本日の読書 小川洋子『夜明けの縁をさ迷う人々』

夜明けの縁をさ迷う人々

夜明けの縁をさ迷う人々

 小川洋子が描く奇妙な味の物語集といった観のある作品集。ふとした瞬間に現実を踏み外し、近しいところにある非現実で歪んだ異界へ紛れ込んでしまった人々の姿を描いていて、なかなかに好み。こーいう小川洋子の作品世界も好き好き好き!
 特に強烈だったのは、エレベーターの中で生まれ育った少年の奇妙な生涯を描いた「イービーのかなわぬ望み」と、放浪の涙売りの恋「涙売り」、老嬢が物語る祖父の形見にまつわる話「ラ・ヴェール嬢」など。
 「ラ・ヴェール嬢」はつい森茉莉を連想してしまったわ。それと千夜一夜物語。
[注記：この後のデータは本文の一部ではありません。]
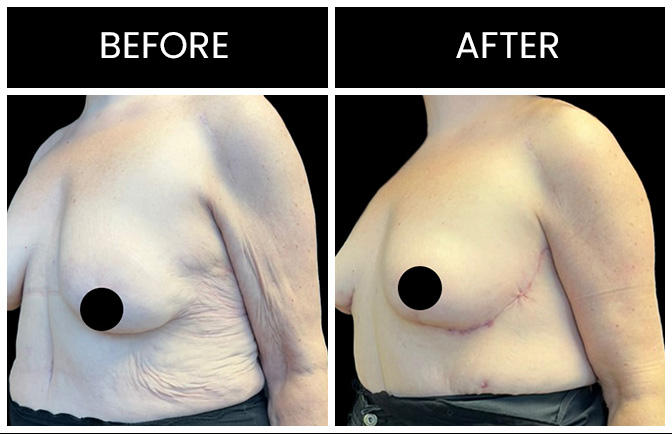 Arm Lift Results Atlanta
現か夢なのか、時空を超えて官能を刺激する物語の数々を語り終えた時、語り手であるラ・ヴェール嬢は、、、。奇妙で物悲しくって、でも生々しく物語が立ち上がってくる。
 好き嫌いが分かれそうだけど、私は好みだ。こんな作品集、他にあったらぜひ読んでみたい。